Well the Germans have done it, so the question now is will the Spaniards be able to?
Of course, it’s not that simple.
While the Bundesliga may have started over the weekend and generated excitement for fans and players alike, the key element of whether a restart has been fully safe is yet to be determined.
Presumably, it will be some weeks before we know if the resumption has had a positive or negative impact and, after the first games back, it was clear the return-to-play guidelines were not followed by all.
Perhaps La Liga chiefs should be glad then that they’re not leading the way, in the hope any issues will have been ironed out and resolved by the time Spain’s top flight is ready to return to competitive action.
Spanish clubs have been certainly working towards a restart, as outlined on this website last week,
Part of La Liga’s strict protocols involves training sessions progressing from individual to small group and then team training before being in a position to stage games, albeit behind closed doors.
In fact, the country’s top division has created a detailed protocol for the return to training so proper health safeguards are observed.
Players had to have coronavirus tests before recently resuming individual training, with five players testing positive in Spain’s top two divisions.
The low number of positive tests also means that players and staff do not need to be based at the team training camp and can stay at home.
If the group training (which started today) goes without any hiccups – the number of players involved in the initial phase was going to be eight but this has been increased by two – the next phase would be a return to full training before a possible La Liga restart on June 12.
The sight of the champions, Barcelona, on the training ground was a sign of progress.
Quique Setien’s men returned to collective training with the ball retention exercise that the late Johan Cruyff introduced to the club, and has since become a staple of the team’s daily training programme, once again on display.
Over at Atletico, after a week of intense fitness training, the groups concentrated on their skills with the ball at their feet.
Coach Diego Simeone took advantage of the easing of measures, allowing his team to take another step towards normality.
There were rondos, shots at goalkeepers and games in reduced spaces – all conducted under the watchful eye of a La Liga representative to ensure the session followed protocol.
Across the city at Real, manager Zinedine Zidane oversaw proceedings wearing a mask and gloves, while fitness coach Gregory Dupont played a more active role in putting the players through their paces.
For those craving a La Liga restart then, there is clearly hope.
Yet there is also pressure, whether that is admitted or not.
After all, Uefa president Aleksander Cerefin has already said it has a “concrete plan” for finishing the European season in August with the outstanding Champions League and Europa League ties likely to be played in that month.
That means La Liga, like all other major leagues, must be finished by the end of July.
There is every reason to resume, rather than go down the manifestly unfair and farcical predicted points per game exercise that leagues in France and Scotland have followed.
At the top, Real have won only one La Liga title in the last seven years – in 2017 – and although Zidane’s side are in a state of transition, Barcelona are hardly in tip-top shape either.
Arguably more interesting is the race for the top-four with five clubs – Sevilla, Real Sociedad, Getafe, Atletico and Valencia – all within five points of each other.
Madrid-based minnows Getafe would feel particularly aggrieved at missing out on a golden chance to qualify for the Champions League, given they have never done so in their 36-year history.
Things are pretty tight at the other end of the table too.
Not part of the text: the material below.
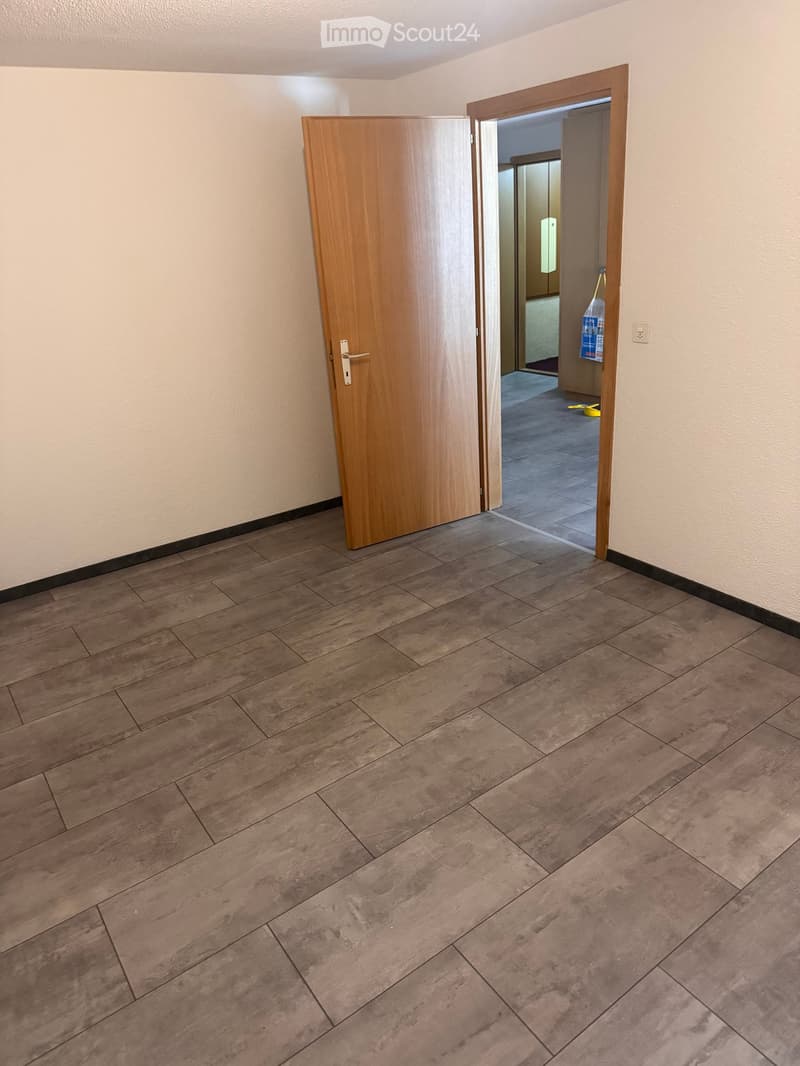 Empty hallway with wooden doors and tiled floor, leading to another room.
Espanyol’s 26-year stay in the top-flight is severely under threat as they prop up the standings on 20 points, six behind Celta Vigo who are 17th.
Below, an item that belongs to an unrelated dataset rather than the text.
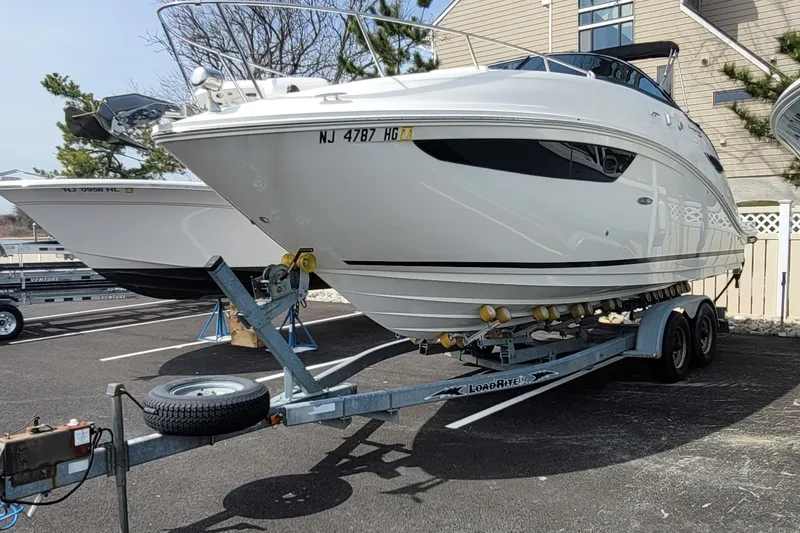 Slide: The Image of 2015 Sea Ray 260 Sundancer boat on trailer in parking lot. - 33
They looked all but down at one point, but the arrival of striker Raul de Tomas from Benfica in January reinvigorated their hopes as he scored four goals in his opening six games.
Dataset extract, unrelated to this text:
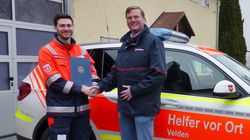 Zwei Männer vor einem Malteser Einsatzfahrzeug reichen sich die Hand.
Just above them are Leganes, the club from whom Barcelona poached Danish striker Martin Braithwaite outside of the transfer window due to a spurious rule exclusive to La Liga clubs. Mallorca complete the trio of teams in the bottom three but Ronaldo-owned Real Valladolid and Eibar aren’t completely safe either in 15th and 16th respectively.
So, it’s all to play for and with every passing day, there is renewed promise it will.